Lui rise al suo commento mentre lei girava di nuovo il bancone per uscire. Le piaceva la sua risata. Veniva direttamente dalla pancia e la avvolgeva deliziosamente. Se fosse stato un locale, forse avrebbe flirtato un po'.

Jack aveva gli occhi spalancati per lo scambio. "Non puoi andartene!"

"Guardami."

"Ti aumento il salario di dieci centesimi all'ora."

"Vaffanculo, Jack." Disse con un ringhio e seguì l'uomo con le scarpe lucide fino alla sua macchina impeccabile. Lui le aprì la portiera, e lei gli sorrise, "grazie." Si sistemò nei sedili di pelle, stringendo il cappotto invernale e la borsa in grembo. Quando lui salì, sorrise, "ho notato le targhe di New York. Sei lontano da casa."

"Sì. Il mio amico Keshaun mi ordina il caffè, ma si rifiuta di spedirmelo per posta. Mi fa guidare fino a qui per prenderlo. Ha lasciato la vita a Wall Street per gestire alcune caffetterie qui e gli piace mostrare come non ha più le occhiaie per la mancanza di sonno."

Lei ridacchiò alle sue parole, sentendo lo stress di Jack sciogliersi. "E tu lavori a Wall Street, signor Macchina di Lusso?"

Lui ridacchiò alle sue parole, "Mi chiamo Royal e sì, lavoro a Wall Street. Gestisco una società di investimenti."

"Ah, nome altisonante, macchina e lavoro. Dovrei inchinarmi, Royal?"

"Mia madre ha deciso di dare ai suoi figli nomi che li spingessero al successo."

"E ha funzionato?"

"Lei pensa di sì. Mio padre ti direbbe che è stato il piede che ha tenuto piantato fermamente nel mio sedere a fare di me l'uomo che sono oggi."

Lei rise forte al suo commento. "Scommetto che c'è più verità nella sua affermazione che in quella di tua madre."

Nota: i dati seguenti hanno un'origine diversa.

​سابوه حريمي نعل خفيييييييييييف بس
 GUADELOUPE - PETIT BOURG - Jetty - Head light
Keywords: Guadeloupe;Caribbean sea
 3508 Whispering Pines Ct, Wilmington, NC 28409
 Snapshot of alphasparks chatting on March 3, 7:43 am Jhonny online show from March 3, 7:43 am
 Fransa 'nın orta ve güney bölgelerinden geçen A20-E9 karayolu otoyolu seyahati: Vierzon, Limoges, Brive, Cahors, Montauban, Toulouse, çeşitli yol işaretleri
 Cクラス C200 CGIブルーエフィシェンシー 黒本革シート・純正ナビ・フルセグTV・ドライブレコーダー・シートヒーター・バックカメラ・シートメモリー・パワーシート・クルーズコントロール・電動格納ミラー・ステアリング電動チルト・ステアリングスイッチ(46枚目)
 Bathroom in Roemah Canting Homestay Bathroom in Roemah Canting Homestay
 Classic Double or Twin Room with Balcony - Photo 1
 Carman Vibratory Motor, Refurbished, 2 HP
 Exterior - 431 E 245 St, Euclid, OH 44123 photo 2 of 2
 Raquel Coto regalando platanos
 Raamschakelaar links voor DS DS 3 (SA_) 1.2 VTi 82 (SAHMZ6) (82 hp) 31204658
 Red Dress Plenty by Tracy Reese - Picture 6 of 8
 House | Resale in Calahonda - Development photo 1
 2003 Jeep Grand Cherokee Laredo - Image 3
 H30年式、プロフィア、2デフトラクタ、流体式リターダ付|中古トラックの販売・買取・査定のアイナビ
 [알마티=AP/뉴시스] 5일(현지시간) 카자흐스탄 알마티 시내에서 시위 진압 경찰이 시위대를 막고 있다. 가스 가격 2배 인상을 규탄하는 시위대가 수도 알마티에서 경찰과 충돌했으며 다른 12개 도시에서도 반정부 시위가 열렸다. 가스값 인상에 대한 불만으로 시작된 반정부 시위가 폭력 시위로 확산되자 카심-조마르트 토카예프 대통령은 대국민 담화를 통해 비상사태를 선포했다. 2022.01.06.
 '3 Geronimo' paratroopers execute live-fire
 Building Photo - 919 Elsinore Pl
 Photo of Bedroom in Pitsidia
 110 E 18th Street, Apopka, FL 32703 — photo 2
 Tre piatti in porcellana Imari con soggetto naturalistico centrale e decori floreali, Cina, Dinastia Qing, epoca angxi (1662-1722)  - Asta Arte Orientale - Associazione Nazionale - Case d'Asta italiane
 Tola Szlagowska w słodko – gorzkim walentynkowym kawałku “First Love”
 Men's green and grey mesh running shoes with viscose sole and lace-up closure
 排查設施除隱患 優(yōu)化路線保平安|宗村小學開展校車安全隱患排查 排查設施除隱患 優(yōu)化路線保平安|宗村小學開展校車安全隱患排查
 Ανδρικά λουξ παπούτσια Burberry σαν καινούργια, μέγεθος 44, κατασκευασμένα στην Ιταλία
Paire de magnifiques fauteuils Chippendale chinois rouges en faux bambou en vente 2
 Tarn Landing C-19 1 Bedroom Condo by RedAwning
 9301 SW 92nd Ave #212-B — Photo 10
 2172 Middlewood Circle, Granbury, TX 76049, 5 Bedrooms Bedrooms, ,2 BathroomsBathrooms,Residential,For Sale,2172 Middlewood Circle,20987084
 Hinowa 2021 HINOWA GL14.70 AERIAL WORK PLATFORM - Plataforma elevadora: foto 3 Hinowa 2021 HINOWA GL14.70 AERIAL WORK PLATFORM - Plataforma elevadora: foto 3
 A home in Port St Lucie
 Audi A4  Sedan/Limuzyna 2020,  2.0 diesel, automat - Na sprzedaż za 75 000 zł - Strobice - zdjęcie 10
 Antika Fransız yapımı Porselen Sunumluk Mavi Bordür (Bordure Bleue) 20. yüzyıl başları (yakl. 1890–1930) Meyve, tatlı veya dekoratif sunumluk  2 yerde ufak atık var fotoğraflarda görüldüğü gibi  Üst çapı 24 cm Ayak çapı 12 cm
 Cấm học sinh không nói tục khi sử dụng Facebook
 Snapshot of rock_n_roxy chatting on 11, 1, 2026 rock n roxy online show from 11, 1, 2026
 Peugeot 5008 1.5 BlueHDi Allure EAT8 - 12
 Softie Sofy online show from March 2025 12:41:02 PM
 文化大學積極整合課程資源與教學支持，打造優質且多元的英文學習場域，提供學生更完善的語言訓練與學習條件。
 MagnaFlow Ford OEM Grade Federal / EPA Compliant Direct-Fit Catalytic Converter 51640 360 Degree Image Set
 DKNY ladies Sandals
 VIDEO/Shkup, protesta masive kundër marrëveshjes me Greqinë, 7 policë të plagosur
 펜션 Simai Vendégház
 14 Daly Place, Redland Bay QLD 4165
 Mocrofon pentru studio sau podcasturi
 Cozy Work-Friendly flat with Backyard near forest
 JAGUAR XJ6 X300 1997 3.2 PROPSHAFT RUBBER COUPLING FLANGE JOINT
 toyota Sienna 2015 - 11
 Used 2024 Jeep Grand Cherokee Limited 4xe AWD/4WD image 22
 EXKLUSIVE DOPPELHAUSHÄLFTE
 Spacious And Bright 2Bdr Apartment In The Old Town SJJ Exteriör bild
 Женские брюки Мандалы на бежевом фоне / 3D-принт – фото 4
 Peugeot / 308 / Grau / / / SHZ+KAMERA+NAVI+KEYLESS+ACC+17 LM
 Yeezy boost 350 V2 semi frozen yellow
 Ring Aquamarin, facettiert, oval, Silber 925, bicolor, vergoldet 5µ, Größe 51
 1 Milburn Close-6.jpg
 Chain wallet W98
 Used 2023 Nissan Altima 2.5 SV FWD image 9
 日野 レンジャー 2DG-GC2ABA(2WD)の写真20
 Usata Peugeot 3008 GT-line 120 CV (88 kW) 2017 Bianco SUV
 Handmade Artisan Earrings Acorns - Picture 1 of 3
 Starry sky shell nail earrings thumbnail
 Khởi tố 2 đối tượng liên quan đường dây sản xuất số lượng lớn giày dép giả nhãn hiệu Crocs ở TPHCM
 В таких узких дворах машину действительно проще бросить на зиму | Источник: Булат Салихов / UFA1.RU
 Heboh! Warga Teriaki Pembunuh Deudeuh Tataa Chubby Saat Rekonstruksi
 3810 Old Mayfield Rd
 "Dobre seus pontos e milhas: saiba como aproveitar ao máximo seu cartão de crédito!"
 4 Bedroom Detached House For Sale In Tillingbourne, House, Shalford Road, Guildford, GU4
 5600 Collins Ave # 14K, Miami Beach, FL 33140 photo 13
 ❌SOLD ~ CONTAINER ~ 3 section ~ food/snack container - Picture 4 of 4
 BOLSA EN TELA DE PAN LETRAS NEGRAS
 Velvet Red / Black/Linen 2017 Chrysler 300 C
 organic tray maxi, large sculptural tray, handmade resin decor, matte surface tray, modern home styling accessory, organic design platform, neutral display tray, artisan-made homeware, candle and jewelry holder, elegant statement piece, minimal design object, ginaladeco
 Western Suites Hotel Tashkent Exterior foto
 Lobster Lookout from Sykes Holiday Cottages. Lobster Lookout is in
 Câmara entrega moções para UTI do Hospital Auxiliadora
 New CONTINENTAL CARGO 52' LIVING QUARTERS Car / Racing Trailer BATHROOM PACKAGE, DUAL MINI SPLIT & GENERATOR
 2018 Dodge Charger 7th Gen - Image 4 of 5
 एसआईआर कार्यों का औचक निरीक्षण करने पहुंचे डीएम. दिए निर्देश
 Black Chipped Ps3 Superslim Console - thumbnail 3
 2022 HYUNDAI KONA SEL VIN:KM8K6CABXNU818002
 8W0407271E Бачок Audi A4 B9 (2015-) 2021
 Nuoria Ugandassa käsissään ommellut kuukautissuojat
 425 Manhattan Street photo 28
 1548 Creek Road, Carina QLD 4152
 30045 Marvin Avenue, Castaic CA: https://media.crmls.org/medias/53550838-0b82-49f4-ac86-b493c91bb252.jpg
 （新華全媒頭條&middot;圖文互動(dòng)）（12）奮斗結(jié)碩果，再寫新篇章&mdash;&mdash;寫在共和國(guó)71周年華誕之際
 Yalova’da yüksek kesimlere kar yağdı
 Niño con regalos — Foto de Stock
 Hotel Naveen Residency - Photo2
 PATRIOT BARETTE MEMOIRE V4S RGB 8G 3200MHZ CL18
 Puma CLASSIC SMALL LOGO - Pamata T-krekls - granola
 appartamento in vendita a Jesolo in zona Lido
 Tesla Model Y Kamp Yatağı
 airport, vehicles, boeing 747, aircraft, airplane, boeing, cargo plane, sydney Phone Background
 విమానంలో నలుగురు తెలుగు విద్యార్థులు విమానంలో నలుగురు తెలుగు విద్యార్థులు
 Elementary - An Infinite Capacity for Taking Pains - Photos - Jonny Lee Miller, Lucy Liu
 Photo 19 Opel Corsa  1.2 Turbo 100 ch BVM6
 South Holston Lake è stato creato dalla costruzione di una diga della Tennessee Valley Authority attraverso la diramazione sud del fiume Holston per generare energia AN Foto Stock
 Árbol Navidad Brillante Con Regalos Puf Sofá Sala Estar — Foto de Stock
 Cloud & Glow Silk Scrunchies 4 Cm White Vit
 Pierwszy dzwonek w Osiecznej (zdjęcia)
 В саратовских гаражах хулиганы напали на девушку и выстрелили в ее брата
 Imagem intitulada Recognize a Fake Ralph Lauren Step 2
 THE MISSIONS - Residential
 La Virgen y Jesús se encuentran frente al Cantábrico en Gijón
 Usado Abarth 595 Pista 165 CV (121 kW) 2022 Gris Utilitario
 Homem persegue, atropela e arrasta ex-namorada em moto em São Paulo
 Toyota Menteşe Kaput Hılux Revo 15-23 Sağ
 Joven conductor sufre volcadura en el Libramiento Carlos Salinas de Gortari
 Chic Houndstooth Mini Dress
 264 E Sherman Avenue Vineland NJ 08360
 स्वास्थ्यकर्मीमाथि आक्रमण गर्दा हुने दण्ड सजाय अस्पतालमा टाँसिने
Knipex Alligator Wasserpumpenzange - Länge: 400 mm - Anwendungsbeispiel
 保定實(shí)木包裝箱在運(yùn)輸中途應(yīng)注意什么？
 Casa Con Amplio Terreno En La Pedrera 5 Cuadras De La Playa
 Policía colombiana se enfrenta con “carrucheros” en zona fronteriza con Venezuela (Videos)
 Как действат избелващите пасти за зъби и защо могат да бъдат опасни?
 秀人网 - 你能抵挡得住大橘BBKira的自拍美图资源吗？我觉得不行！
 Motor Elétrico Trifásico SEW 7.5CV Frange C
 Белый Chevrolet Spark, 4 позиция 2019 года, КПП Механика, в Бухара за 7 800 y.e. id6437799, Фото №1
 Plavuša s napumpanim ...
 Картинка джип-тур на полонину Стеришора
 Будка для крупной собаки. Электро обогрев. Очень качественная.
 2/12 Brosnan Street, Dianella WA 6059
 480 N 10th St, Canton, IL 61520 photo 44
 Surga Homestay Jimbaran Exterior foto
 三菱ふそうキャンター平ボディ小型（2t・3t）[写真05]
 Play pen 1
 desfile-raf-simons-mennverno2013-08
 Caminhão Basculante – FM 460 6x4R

"Mi piace pensare di averlo fatto da solo con duro lavoro e molte notti insonni, ma chi sono io per negare i miei genitori."

Lei sorrise.

"Hai famiglia, Famke?"

"Un fratello," scrollò le spalle. "È più giovane di me. È all'ultimo anno di liceo. Si diplomerà a giugno."

"Nessun'altra famiglia? Figli?"

"Dio no." Scosse la testa e soffocò il senso di colpa. "Lavoro due lavori per assicurarmi che mio fratello abbia cibo per nutrire il suo corpo da adolescente. Non sono attrezzata per avere un figlio mio." Lo guardò, "e tu?"

Lui annuì lentamente, seriamente. "Sì. Ho un bambino di cinque anni che sto crescendo."

Seguì un silenzio scomodo, e lei si sentì stranamente come se fosse arrabbiato con lei. Famke si ricordò che salire in macchina con uomini sconosciuti probabilmente non era stata la sua decisione migliore mentre si abbracciava alla portiera.